Or maybe I should title this post, “Hotel charged peak prices during peak demand period,” or better still: “Hotel price gouging promotes public safety.”
A Sea-Tac Airport area hotel raised its rates dramatically as it filled up during a snowstorm one night last month, and several patrons were shocked by bills from almost $275 to $465 the next morning. The natural question is what price the shocked patrons thought they had agreed to; but note on the night in question the hotel sign indicated rooms available at $53 and up. ($465??? That’s a lot of “and up.”) One potential customer asked about the rate in advance and decided to drive home through the storm rather than pay the price asked.

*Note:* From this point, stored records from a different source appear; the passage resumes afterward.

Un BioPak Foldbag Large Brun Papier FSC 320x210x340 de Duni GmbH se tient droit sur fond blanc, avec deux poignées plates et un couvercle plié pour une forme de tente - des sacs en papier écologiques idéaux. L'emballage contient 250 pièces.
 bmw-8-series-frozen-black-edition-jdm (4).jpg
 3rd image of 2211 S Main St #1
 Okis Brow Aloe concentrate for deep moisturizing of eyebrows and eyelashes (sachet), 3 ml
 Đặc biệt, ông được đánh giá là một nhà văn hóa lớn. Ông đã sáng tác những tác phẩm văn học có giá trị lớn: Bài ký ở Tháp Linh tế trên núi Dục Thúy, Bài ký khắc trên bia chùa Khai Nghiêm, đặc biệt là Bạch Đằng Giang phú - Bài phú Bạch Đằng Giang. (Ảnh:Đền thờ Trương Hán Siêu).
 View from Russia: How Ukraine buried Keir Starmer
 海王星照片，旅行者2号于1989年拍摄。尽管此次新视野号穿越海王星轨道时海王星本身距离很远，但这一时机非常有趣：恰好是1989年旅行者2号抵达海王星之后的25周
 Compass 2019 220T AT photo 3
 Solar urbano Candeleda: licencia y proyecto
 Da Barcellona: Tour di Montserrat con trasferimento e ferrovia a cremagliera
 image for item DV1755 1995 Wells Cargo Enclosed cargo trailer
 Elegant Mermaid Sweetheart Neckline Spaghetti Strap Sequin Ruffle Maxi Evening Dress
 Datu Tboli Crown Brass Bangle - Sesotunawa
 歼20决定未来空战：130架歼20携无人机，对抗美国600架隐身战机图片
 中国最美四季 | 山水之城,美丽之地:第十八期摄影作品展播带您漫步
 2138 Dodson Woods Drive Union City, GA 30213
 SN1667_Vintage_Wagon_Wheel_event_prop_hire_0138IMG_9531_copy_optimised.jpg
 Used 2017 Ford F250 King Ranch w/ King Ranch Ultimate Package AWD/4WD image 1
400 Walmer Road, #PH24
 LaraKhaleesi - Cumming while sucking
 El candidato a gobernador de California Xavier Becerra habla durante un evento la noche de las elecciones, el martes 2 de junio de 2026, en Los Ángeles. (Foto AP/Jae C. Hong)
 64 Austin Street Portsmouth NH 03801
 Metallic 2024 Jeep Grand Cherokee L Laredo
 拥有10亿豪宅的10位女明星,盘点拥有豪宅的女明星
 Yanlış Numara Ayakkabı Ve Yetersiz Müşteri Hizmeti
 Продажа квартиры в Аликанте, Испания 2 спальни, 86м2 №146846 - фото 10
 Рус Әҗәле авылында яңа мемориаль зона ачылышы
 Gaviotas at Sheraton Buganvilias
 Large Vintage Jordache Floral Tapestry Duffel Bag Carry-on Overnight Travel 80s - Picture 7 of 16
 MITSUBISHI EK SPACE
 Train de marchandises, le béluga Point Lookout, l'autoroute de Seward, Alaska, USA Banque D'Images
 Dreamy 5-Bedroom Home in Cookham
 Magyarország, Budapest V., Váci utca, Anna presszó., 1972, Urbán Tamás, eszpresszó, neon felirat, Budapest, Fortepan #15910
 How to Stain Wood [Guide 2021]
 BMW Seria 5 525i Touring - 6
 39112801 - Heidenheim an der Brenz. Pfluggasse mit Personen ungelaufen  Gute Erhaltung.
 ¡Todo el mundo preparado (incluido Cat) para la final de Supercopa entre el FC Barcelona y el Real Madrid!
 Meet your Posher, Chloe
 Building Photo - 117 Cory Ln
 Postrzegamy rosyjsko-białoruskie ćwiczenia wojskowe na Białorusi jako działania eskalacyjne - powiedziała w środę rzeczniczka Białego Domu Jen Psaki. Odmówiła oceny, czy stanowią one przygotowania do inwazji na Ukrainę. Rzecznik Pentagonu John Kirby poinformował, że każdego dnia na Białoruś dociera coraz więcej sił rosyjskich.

Even though Washington has no anti-price gouging law on the books, such price increases can be bad for a business’s reputation. But maybe it shouldn’t be bad for the hotel’s reputation: Price gouging in these circumstances probably promotes safety.
The story from KING5.com, first from two weeks ago: “Airport hotel rates jump during snow storm”
Puyallup resident Jason Anderson found a room at the Ramada Inn next to the airport, but you probably wouldn’t call him lucky. He saw a Ramada ad for $53. He didn’t know until he signed the receipt that he was charged $274.36.
“I couldn’t believe that it was nearly $300 for one night,” said Jason.
“I was just thinking they’re taking advantage of people,” said Meegan Anderson, Jason’s wife.
Ramada’s manager says charging that much, for what is normally a $60 to $80 room, is standard when the hotel fills up.
And then more recent fall out, also from KING5.com: “Guest takes hotel to court for big snow storm bill“.
The guest in question is a law student who was among the hotel’s patron the night of the storm. The hotel has refunded him his bill for the night, though that may not end the complaint.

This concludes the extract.